Abartmıyorum.Birinden de duymadım.Gözlerim şahit.

60 cm ‘e 60 cm kare tahta bir masa .

Etrafında tam 8 kişi.

Oturmuş sohbet ediyorlar.

Sonra bir kişi daha geliyor.

Hani şimdi Covit 19 var .Salgının yayılmasını önlemek için yeni alışkanlıklar geliştirdik. Birbirimizle ellerimizi yumruk yapıp yada dirseklerimizi

tokuşturup selamlaşıyoruz ya .

Onlarda öyle birşey yok.

Eski normal gibi.

Yeni gelen masadaki herkesin elini tek tek sıkıyor.Kimsede çıkıp yumruğunu yada dirseğini uzatmıyor.

Sonra oda bir sandalye çekip masanın etrafına sıkışan 8 kişinin arasına

yerleşiyor.

Tam 9 kişi.60 cm’e 60 cm kare masa etrafında maskesiz 9 genç.

Ve Kafede buna ses çıkarmayan 25 genç daha.

Sabahattin Ali’nin dediği gibi “aldırma gönül aldırma” demek istiyorum ama işte vicdanım izin vermiyor.

Hani şimdi biz virüs kapmayalım ,kapmışsak bulaştırmayalım diye poşete,bardağa,çatala dokunduktan sonra elimizi kolumuzu alkolle kolonyayla

temizliyoruz ya.

Onlarda öyle birşeyde yok.

Belli ki aylardır ne sağlıkçıların yaptıkları uyarılardan nede Dünyada olandan bitenden haberleri yok.

Son zamanlarda Dr.Burhan Nalbantoğlu yada diğer Hastahanelerede yolları düşmemiş anlaşılan.

Pandeminin ne olduğundan ,entübeden yada ,taşıyıcılığın ne olduğundanda bilgileri yok.
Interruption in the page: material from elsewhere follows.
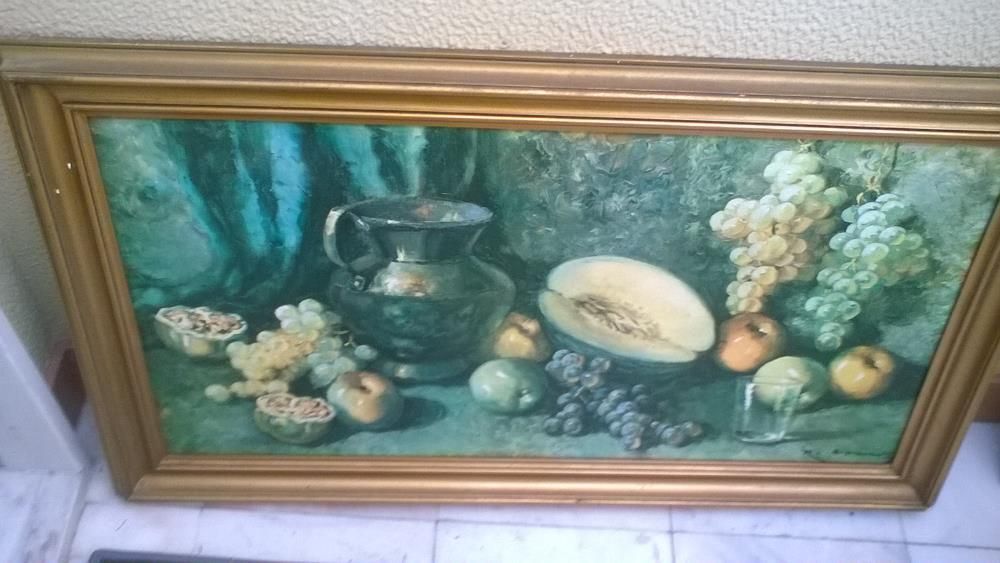 Quadro a óleo para sala com assinatura do autor.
Görünen o ki pnömoninin ne olduğunu bilen,yoğun bakımı görende olmamış.

Sırf bu yüzden milletin dükkanlarına kilit vurduğundan,binlerce insanın işssiz kaldığından ,aç olan insanlardan, psikolojik tedavi görenlerden,5m2

odada karantinada çile dolduranlardan ,anneannelerin büyükbabaların öldüğünüde duymamışlar.

Ve bu şekilde davranarak buna sebep olacaklarındanda.

Sanırsın ki bir başka dünya.

Herkes diz dize ,göz göze ,yanak yanağa.

Yanındaki arkadaşına sarılıp kucaklayanlar.Öpenler bile var.

Sonra garson geliyor.

Garsonun ellerinde eldivenleri ve yüzündeki maskesi bir tamam.

Belli ki işletme sahibi içinde bunlar yeterli.

Masanın etrafında 8 - 10 kişi yan yana diz dize önemli değil.

İçimden gülme geliyor.

Kafeler açık ve herkesin keyfi yerinde.

Eski normaldende normal.

Diyeceğim şu ki;

Siz, biz boşu boşuna nefes tüketiyoruz ona yanıyorum.

Çünkü anladım ki yazılanı çizileni söyleneni dinlemeyen çok.Sevdiklerini sözde sevende çok…

En çokta geleceğimiz dediğimiz, onlarca umut bağladığımız ,vatanı emanet edeceğiz dediğimiz gençler.Onların hiç umurunda değil.

Bunun için bana kimse eğitim falan demesin.İllede ceza diyorum.Hemde en katmerlisinden.Maske takmayanada ,mesafesini ayarlamayanada

,kafede diz dize oturanada ve buna göz yuman kafe sahibinede.

Nietzsche ‘nin dediği gibi inanın ceza insanı eğitmezsede evcilleştirir.